To walk with nearly nothing after 16 years of marriage.
To move into my own house with a sofa, my Jeep, my clothes, my laptop and a handful of books. I still have my Mom’s round mirror, and a set of bowls from my own parents’ wedding. I didn’t want anything else, and it was made clear to me that asking for anything else was out of the question anyway. How dare I think that I could take anything else from him? Any of these “things” that held so much meaning, so many memories for him? Hadn’t I done enough damage? How could I be so heartless to not only abandon him, but take his stuff too?
And then to be criticized for not wanting any of it. How can I be so callous that I don’t care to have this stuff? How can I throw our past away and not want our things? It just proves how cold hearted I am that I didn’t try to take the Christmas ornaments, or the family photos on the walls.
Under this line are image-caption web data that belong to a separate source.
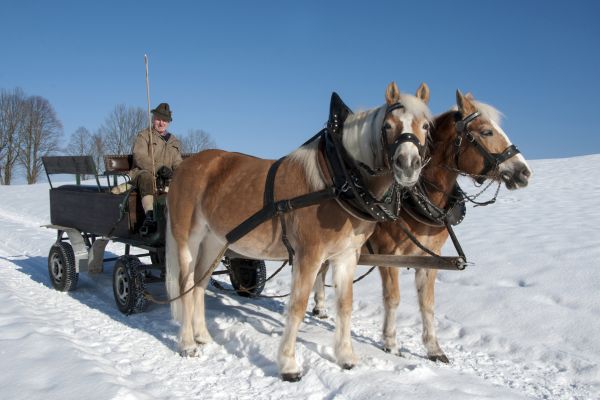 Pferdekutsche im Winter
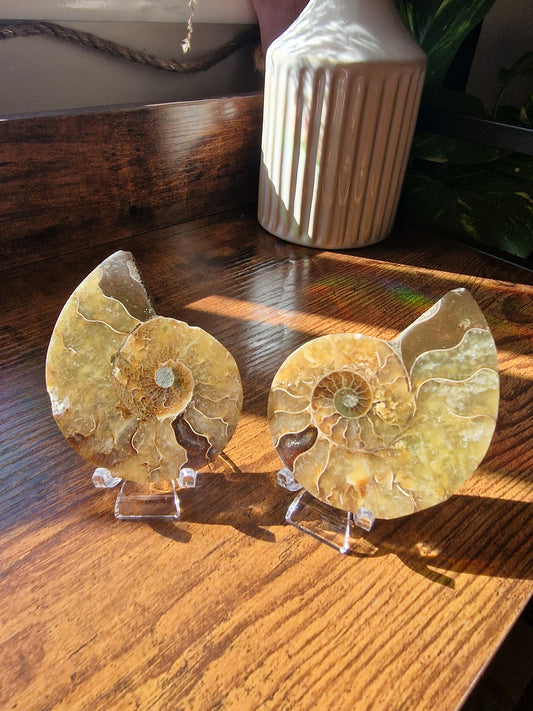 Ammonite Fossil Pair (~6cm)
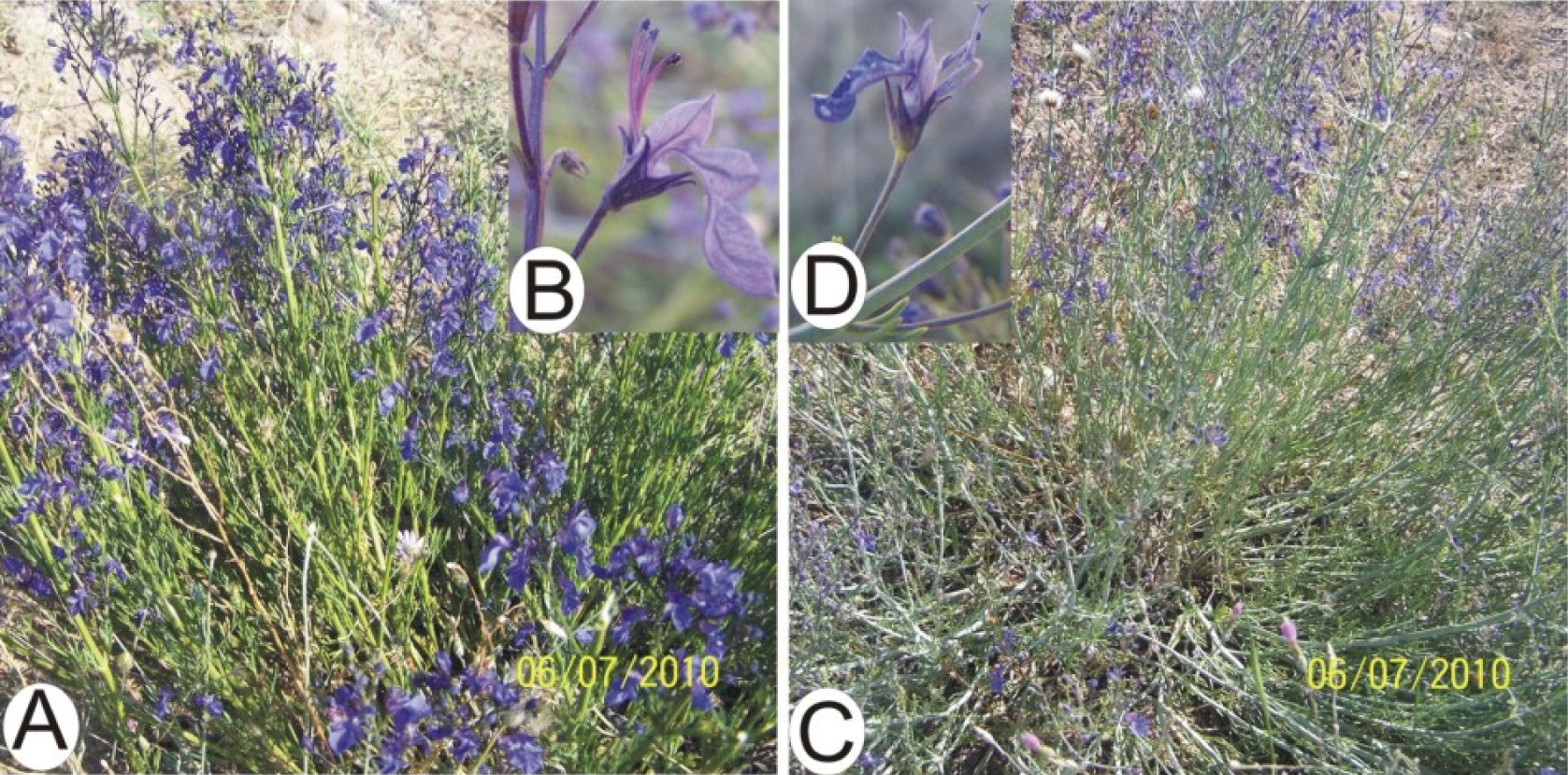 Fig. 1. The general appearances and enlarged flowers of the two varietes of Teucrium pruinosum: A, B – var. aksarayense; C, D – var. pruinosum.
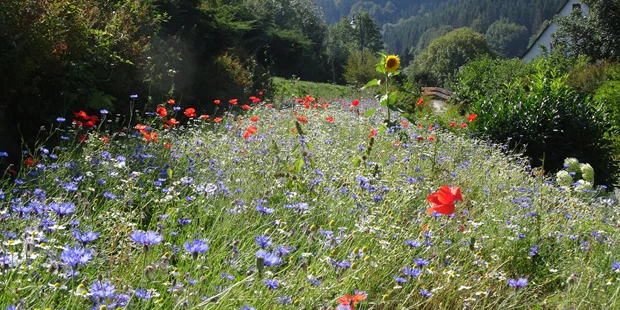 Tagungshotels - Beamer und Leinwand - The Conscious Farmer Trainingcenter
Here in this house I slept on that sofa for weeks before I got a new bed of my own. I had my Mom’s mirror hung on the wall, my daughter had a bed that I bought from my brother in law, and I had a small filing cabinet. Two boxes of kitchen stuff from my apartment, including one box full of a borrowed set of dishes that I had to give back to him because “dammit, those are mine!”.
I bought a whisk yesterday. Such a little thing, just so it’s easier to whip up an omelette now and again, and it got me thinking about how these little things add up.
A desk, a table, a bed, a bookshelf, some chairs, a shower curtain, a can opener, a whisk.
Each small thing brings a new, small reminder that I’m moving on. Little pieces of independence, little pieces of my own decisions, little pieces of control over my own life again, little pieces with new memories being made around them.
I don’t want a lot of stuff, and really this place is very minimal, but it feels new, and free, and calm, and mine. I love when my kids are here with me, and I feel like the parent I intended to be. I know I’m not always doing it right, and I have such a hard time with parenting them through this tug-of-war, but these little pieces of a new life are still good. There are so many things that have gotten better. Layer after layer of the old life peels away every day, and I didn’t even realize how many layers had piled on.